For more information on type enforcement, please read our type enforcement article.
Role-based access control
From the SELinux type, we now get into the realm of the SELinux role. Remember the context in our example? It had user_r
as the SELinux role in the context of the process that was trying to execute a file.
Roles are like caps that a user can put on. A user is always assigned to a role, but can decide to switch roles (of course if allowed to switch to a role). An unprivileged user might only have access to one role (user_r
) whereas an administrator might have access to several roles (staff_r
for regular operations, and sysadm_r
for system administrative tasks). This is also how roles in organizations are used. There are developer roles, system engineer roles, system administrator roles, it architect roles, database administrator roles, etc.
In SELinux, roles decide which types a process context can be in. The user_r
role has the right to have processes run in the user_t
type. Types for processes are also called domains. So the role-based access control decides which domains a role is allowed to have.
Consider a regular user role (user_r
) versus database administrator role (dbadm_r
). The regular user will not have access to the backup infrastructure, so the backup_t
domain is not allowed for the user_r
role. Even if the user would somehow be able to run backup software (say from a USB stick) this software will be running in the user domain (user_t
) and not the backup domain (backup_t
). And as the user domain is not allowed to access database files directly, the user will not be able to backup or restore data.

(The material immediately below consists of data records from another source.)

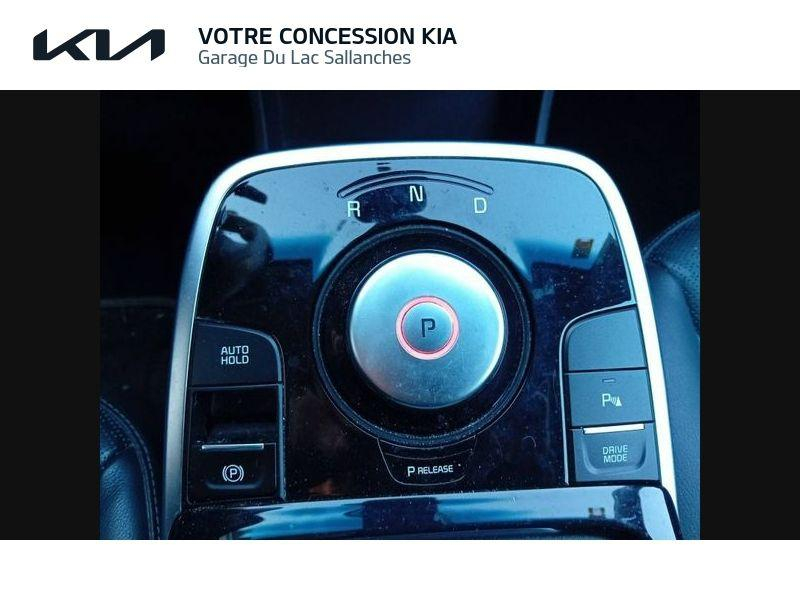 KIA e-Niro d’occasion à vendre à SALLANCHES chez GARAGE DU LAC (Photo 12)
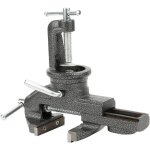 �tau de table 80 mm avec t�te de serrage rotative � 360 � pour mat�riel d'outil, fixation - �tau rotatif ...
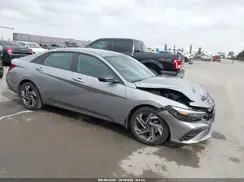 KMHLM4DG1SU871089 2025 HYUNDAI ELANTRA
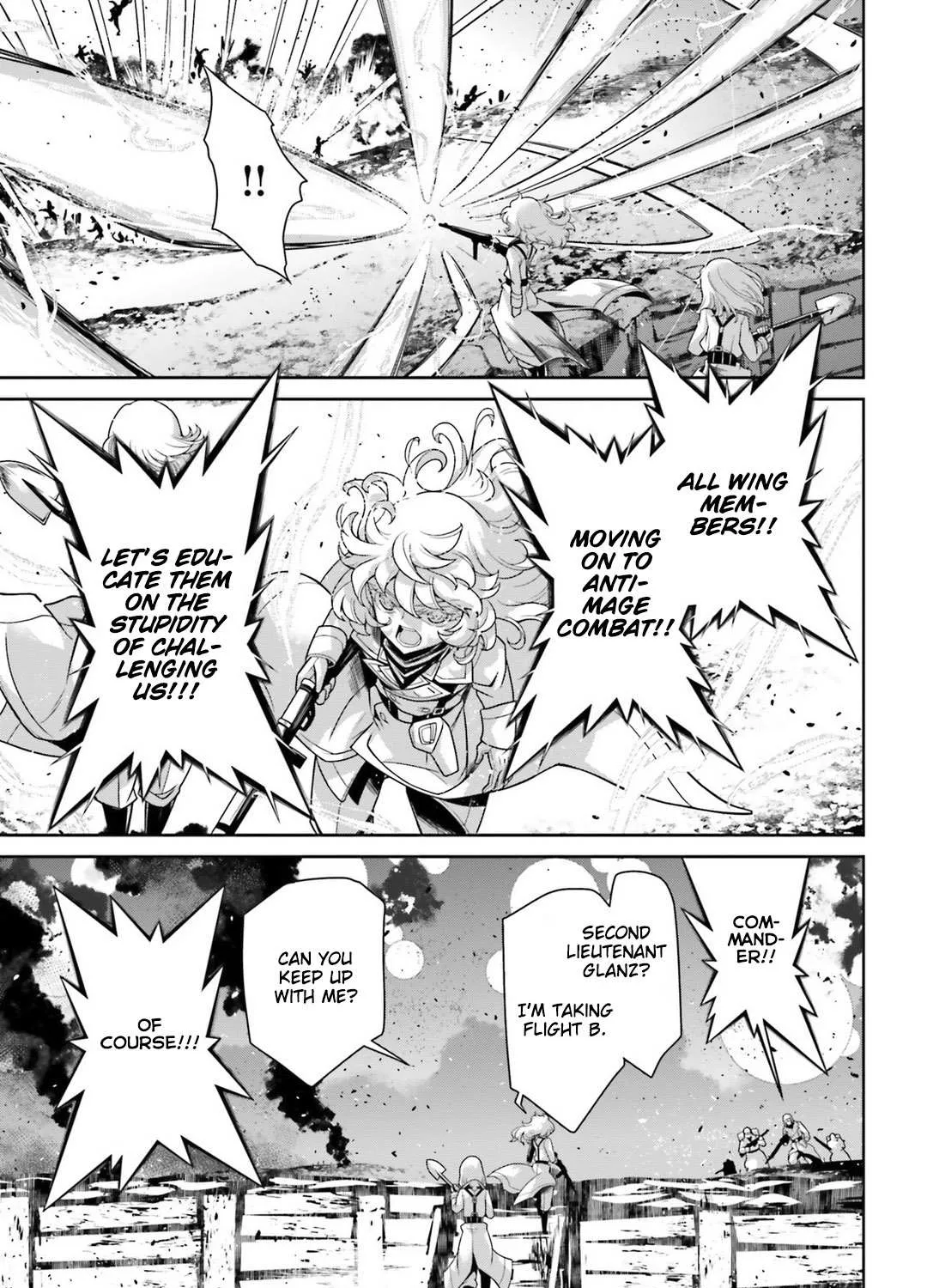 Read Youjo Senki chapter 41 image 118 on Lezhin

Unlike the database administrator, whose dbadm_r
role is allowed to access backup_t
. The database administrator can therefore execute backup software, which (assuming the policies are all correct) run in the backup_t
domain, which is allowed to manage database files. As a result, the database administrator can backup and restore databases.
The set of domains that a role has access to can be requested on a SELinux system through the seinfo
command:
user $
seinfo -ruser_r -x
user_r Types: git_session_t httpd_user_script_t ...
Security administrators will usually design least privilege access through the role-based access controls, and then assign the roles to the users on a need-to-have basis. So privileges are not assigned to users individually (as that doesn't scale well) but to the domains, which are assigned to the roles, and users are assigned one or more roles to perform their duties.
User-based access control
The first part of a context is the SELinux user. The idea behind the SELinux user is that it has to remain immutable, unlike roles which can be switched on user request.
The SELinux user decides which roles someone is allowed to go to. For instance, the user_u
SELinux user specifies that only the user_r
role is allowed, whereas the staff_u
user specifies that the allowed roles are staff_r
and sysadm_r
. This can be seen by either seinfo
or semanage
:
root #
seinfo -ustaff_u -x
staff_u roles: staff_r sysadm_r
root #
semanage user -l
SELinux User SELinux Roles root staff_r sysadm_r staff_u staff_r sysadm_r sysadm_u sysadm_r system_u system_r user_u user_r
On SELinux systems, Linux users are mapped to an SELinux user. This mapping is what decides what a user is allowed to do on a system.
Mappings can be seen (and managed) using semanage login
:
root #
semanage login -l
Login Name SELinux User __default__ user_u swift staff_u root root
This is still part of the role-based access control, but important to know as we can now go to the used-based access control.
On Gentoo, if USE="ubac"
is set, User Based Access Control (UBAC) is enabled. This ensures that unprivileged users with a different SELinux user cannot access each others' resources even if the types would allow this.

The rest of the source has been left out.